In the International Herald Tribune, Roderick Conway Morris reminds us that Tran Anh Hung won the Golden Lion in 1995 for Cyclo. "Although the director does not speak Japanese, he believed it was essential to make the film in that country, both on account of 'the uniquely Japanese culture and sensibility palpable in the book' and because the landscapes of grasslands, woods and wild seashore — where, in Tran Anh Hung’s words, 'beauty and suffering co-exist' — play such an important part as corresponding expressions of human emotion. Considering his lack of the language, he has directed his outstandingly well-cast group of young Japanese actors with skill and delicacy."

 



So let's have Mark Adams run through that cast: "Toru Watanabe (Kenichi Matsuyama) who is lost in sorrow following the suicide of his best friend Kizuki (Kengo Kora). When he meets Kizuki’s long-time girlfriend Naoko (Rinko Kikuchi) he is drawn to her troubled sadness and gradually falls in love with her.... In Tokyo he busies himself with studies and part-time work, but also starts to develop a relationship with the confident, flirtatious  and elegant Midori (the impressive Kiko Mizuhara), despite the fact that she has a boyfriend. As Naoko grows  even more tormented by the ghosts of her past, so Toru finds he is forced to make a choice between the two women... he must make the choice between his past and his future."

Colleen Barry reports on the press conference for the AP. You can watch the press conferences in Venice, by the way, on Eurovision Culture.

Update: "The production design was immaculate; Jonny Greenwood's score was suitably anxious; and Mark Lee Ping-Bin's cinematography established beyond question his equal mastery of digital and celluloid.... And one can never underestimate the elegance of Tran's direction: both as a maker of exquisite images, and as a poet of melancholy, he is almost freakishly gifted. Why, then, did this feel so hollow?

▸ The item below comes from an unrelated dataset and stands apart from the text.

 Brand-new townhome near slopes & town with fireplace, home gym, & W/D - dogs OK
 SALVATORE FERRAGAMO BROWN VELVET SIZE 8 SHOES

The problem resides, I think, in the source material." Shane Danielsen explains in indieWIRE.

Update, 9/6: "I found its languorous, slow-moving beauty superbly achieved," writes the Guardian's Peter Bradshaw. "The Jonny Greenwood score was plangent and mesmeric, and the film's style was entirely appropriate for its subject matter: the strange, unacknowledged sensuality in grief and longing for the dead.... I'm not being entirely facetious when I say that there is intense 'emo' quality to the film — almost a Twilight for the arthouse set — but it is beautifully made, well acted and offers a swoon of pleasure."

Update, 9/13: "Fascinated by the pale light silhouetting largely monosyllabic characters in embrace while Jonny Greenwood's guitar gently weeps, the picture finds the lush eye and sensual intuitiveness of Tran (Vertical Ray of the Sun) seamlessly in synch with the wry moodiness of the author of Tony Takitani." Fernando F Croce at the House Next Door: "The fusion of these two miniaturists may be at 133 minutes too much of an emo orgy for some, though there's no escaping the swoony stateliness of the film's melancholy, where loss and phantoms move like clouds over endless verdant fields."

Update, 9/16: For Chris MaGee at Toronto J-Film Pow-Wow, Norwegian Wood is "lovingly crafted, exquisitely lit shots of its handsome cast's faces that ultimately when strung together had nothing to say."